次に何らかの魔物娘の仕業なのでは、と考えついたが、このヘンテコな場所に迷い混んでから恐らく既に三時間以上は経過しているし、もしそうならばとっくの昔に襲われてしまっているだろう。
分からないことを考えていても仕方ない。そこで僕はしばらく辺りを歩き回り少しでも現状の理解に努めようとしていたのだが……そんな中出会ったのが先程の猫耳魔物娘だ。彼女はチェシャ猫という種族で、ケイトと僕に名乗った。
彼女はその奇抜な見た目とは裏腹に、ここが不思議の国という土地で、僕がいた世界の常識は通用しないこと、そして幾つか気をつけておいた方がいいことを親切に教えてくれたのだった。その大半ははっきり言って何を言ってるのか理解できなかったのだが。

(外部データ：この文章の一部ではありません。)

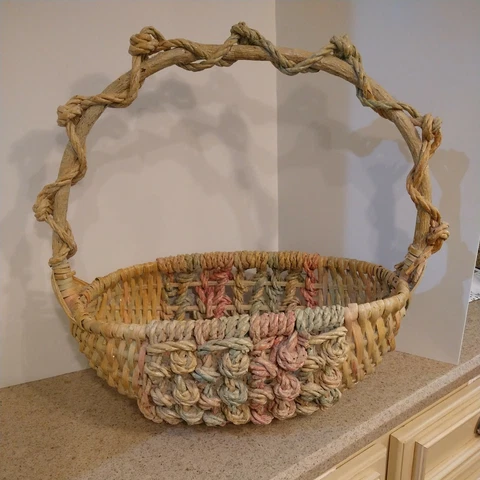 Large Handmade Wood/Rope Woven Pastel Colors Basket Dry Flowers Wedding Easter Cover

あらかた説明し終えると彼女はいやらしい微笑みを浮かべながら、ぼんっ、と煙と共に一瞬でどこかへと姿を消してしまった。いったい彼女は何者だったのだろうか。
それから奇妙な植物の生える森(やはりというかどの草木も極彩色の不可思議の色合いをしていた)を抜け、湖にたどり着いたと思ったら、突然その湖の水面が爆発的に盛り上がり、周囲にいた人々を呑み込んでいったのだった。

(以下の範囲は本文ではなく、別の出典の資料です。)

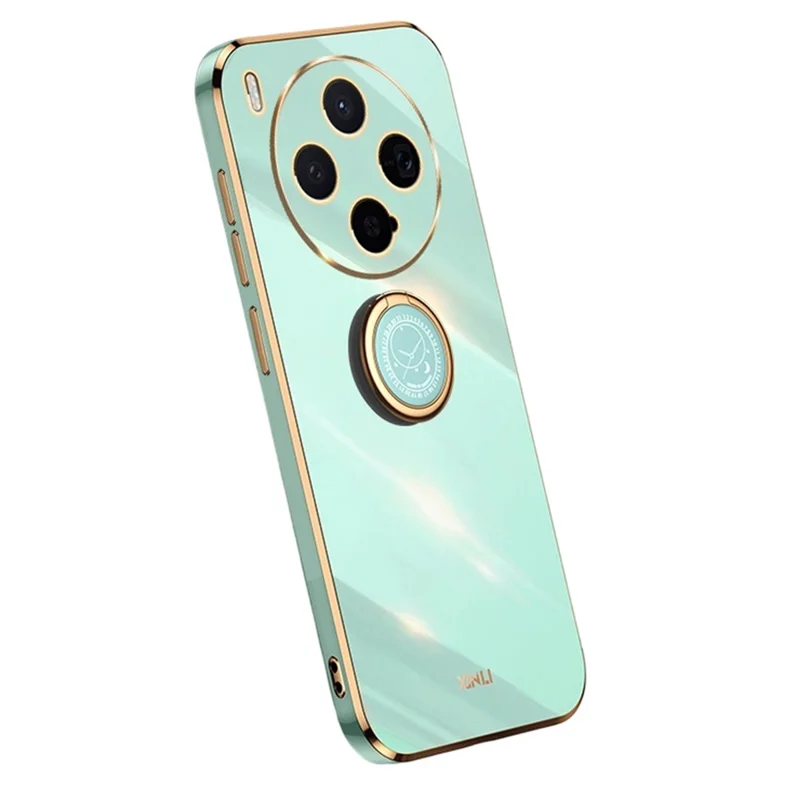 Bulk Purchasing XINLI For vivo X300 5G Case Ring Kickstand Electroplating TPU Phone Cover - Cyan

僕は命からがらその洪水から逃げおおせることに成功し、なんとか高台にまで辿り着くことが出来たのだった。
そして今に至るというわけだ。
おかしいことと言えばこれら以外にもまだある。
その、少々恥ずかしいことなのだが……湖から溢れ出たこの謎の液体が発する匂いを嗅いでから、どうも愚息の勃起が治まらないのだ。
初めは稽古や見慣れぬ土地に対する疲れによるものかと考えていたが、この液体の匂いが鼻腔を満たす度に下半身に血が集まっていくのを感じた。

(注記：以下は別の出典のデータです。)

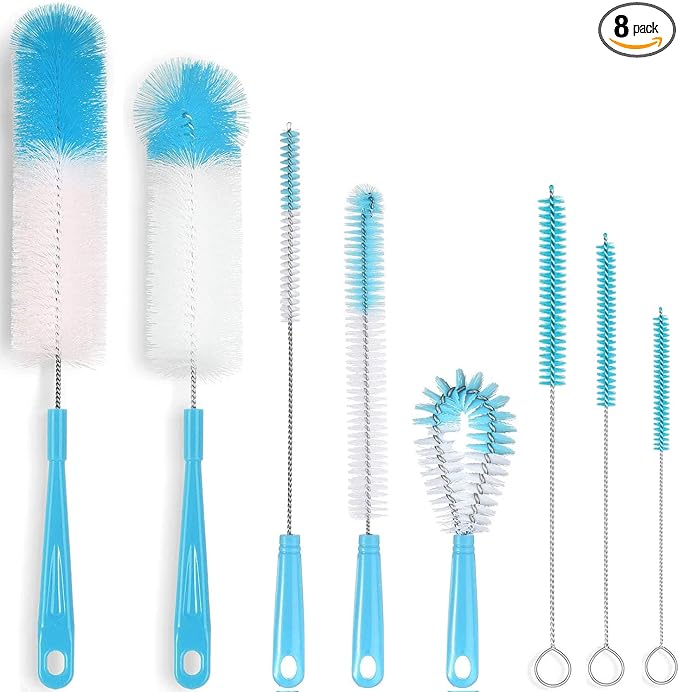 ALINK 8-Pack Bottle Cleaning Brush Set - Long Handle Bottle Cleaner for Washing Narrow Wine/Beer Bottle, Thermos, Hummingbird Feeder, Sport Well, Plus Kettle/Straw Brush by ALINK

着物の股間をパンパンに膨らませながら歩くのは少々難儀で、どこか独りになれるところがあれば、すぐさま抜いてしまいたい衝動に駆られ、抑えられなくなってきていた。
辺りを見渡す限り、どこにも人はいない。ならば、ここで情欲を発散してしまってもよいのではないか?そんな淫らな考えが頭をよぎる。
それは、この国の不思議な空気に充てられて今のおかしくなってしまった僕にとって、これ以上ない名案に思えた。
地面に座り込み着物をたくしあげると、下に穿いていたふんどしを脱ぎ、熱く滾った肉棒を解放する。ぶるん、と音が聞こえるような勢いで股間のそれは天を突き反り返る。へそに先端がついてしまうほど、かつてないほどにビンビンに勃起している逸物を見て、僕は思わずごくり、と喉を鳴らした。これを思いっきりしごいてしまったら、どんなに気持ちいいだろうと想像して。
いよいよ自慰を始めようと手を伸ばしたところで……僕の耳はバサバサと空気を叩く乾いた音を捉えた。鳥か何かだろうか、と顔を上げると、僕の顔に何か透明な液体が降り注いだのだった。
反射的に顔を俯かせて付いた液体を手のひらで拭き取ると、なにやら粘ついている……それは今も僕の愚息の先端からとぷとぷと滲み出ている、先走りにも似ている液体だった。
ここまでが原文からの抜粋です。